How many times have I gone on Netflix, wanting to watch something quick to unwind, but instead wandered its rows for forty minutes, started two movies, an episode of TV, and then shut my computer, finishing nothing? How many times, after repeating this process, have I deleted my Netflix account, due to time waste?
For Seattle film fans in the coming month, choice paralysis is a pressing issue (if having too much entertainment is ever a pressing issue). The Seattle International Film Festival is the largest in North America, and today it announced this year’s line up—433 films from 90 countries spread over 25 days. It opens May 17 with The Bookshop by Isabel Coixet and closes on June 10 with Gus Van Sant's Don't Worry, He Won't Get Far on Foot, which stars Joaquin Phoenix as disabled Portland cartoonist John Callahan. (Van Sant is scheduled to attend the showing.)
Overwhelmed with the variety of options, I talked with Beth Barrett, SIFF’s artistic director, about how to navigate the festival’s roster.
- Use the website. Like any good streaming service, SIFF’s Film Guide lets you edit by genre and mood, theater, language, country, and date. Want to watch, say, a provocative German language movie on a weekend at the Egyptian? Check out The Captain on May 25.
- Around 65% of the feature films don’t have US distribution yet and 56% are from first- or second-time directors. “SIFF is really about discovery,” Barrett said. She recommends picking a movie you want to see and then seeing the movie either directly before or after. So maybe you pick Hot Mess, because you're really into Australian mumblecore comedy, and hang around to see Cake General, a Swedish comedy about a man trying to build the world's longest layer cake.
- Do what’s convenient. If you live near the Egyptian and have a couple hours free, see whatever’s playing.

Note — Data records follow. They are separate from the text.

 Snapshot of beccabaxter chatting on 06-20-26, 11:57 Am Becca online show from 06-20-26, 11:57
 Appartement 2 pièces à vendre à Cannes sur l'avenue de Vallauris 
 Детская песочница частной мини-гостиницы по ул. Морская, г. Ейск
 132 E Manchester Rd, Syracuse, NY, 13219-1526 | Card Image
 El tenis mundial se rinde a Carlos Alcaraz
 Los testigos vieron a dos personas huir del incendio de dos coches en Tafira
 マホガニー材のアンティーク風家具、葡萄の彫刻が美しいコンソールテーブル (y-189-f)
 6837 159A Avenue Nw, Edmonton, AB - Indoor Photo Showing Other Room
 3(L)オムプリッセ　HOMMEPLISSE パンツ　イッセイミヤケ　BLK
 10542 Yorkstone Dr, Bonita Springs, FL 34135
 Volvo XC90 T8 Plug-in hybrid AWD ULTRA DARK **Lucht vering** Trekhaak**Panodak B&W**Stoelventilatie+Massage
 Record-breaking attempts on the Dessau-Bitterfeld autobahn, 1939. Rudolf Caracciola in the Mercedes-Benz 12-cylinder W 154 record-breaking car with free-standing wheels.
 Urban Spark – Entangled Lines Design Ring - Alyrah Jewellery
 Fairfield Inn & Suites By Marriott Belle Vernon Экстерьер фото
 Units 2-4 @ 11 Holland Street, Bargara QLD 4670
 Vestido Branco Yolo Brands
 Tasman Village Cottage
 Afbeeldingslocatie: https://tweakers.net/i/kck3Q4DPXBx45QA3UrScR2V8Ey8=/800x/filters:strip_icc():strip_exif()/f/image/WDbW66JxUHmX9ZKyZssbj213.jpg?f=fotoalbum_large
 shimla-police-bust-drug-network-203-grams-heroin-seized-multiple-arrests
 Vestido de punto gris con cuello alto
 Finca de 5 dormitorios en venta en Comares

- Don’t hit only the familiar movies that will get wider distribution later. “Everybody likes to be first to discover something, so there’s a little bit of thrill to that,” Barrett said. But when she used to go to SIFF as an audience member, she’d intentionally skip the movies she knew were coming out, hoping to catch more transient titles.
- Check out the Programmer Picks. The 23 festival programmers publish top 10 lists of what to see. Barrett recommends looking for movies that land on multiple lists: “They should be interesting at the very least.” The most prominently beloved this year is Scary Mother, a Georgian film about an obsessive novelist. Barrett also suggests snagging seats at Sorry to Bother You—musician Boots Riley's dystopian dark comedy, the festival's Centerpiece Gala and another programmer favorite—it will sell out fast.
Tickets go on sale tomorrow, through the website, and cost $14 per film.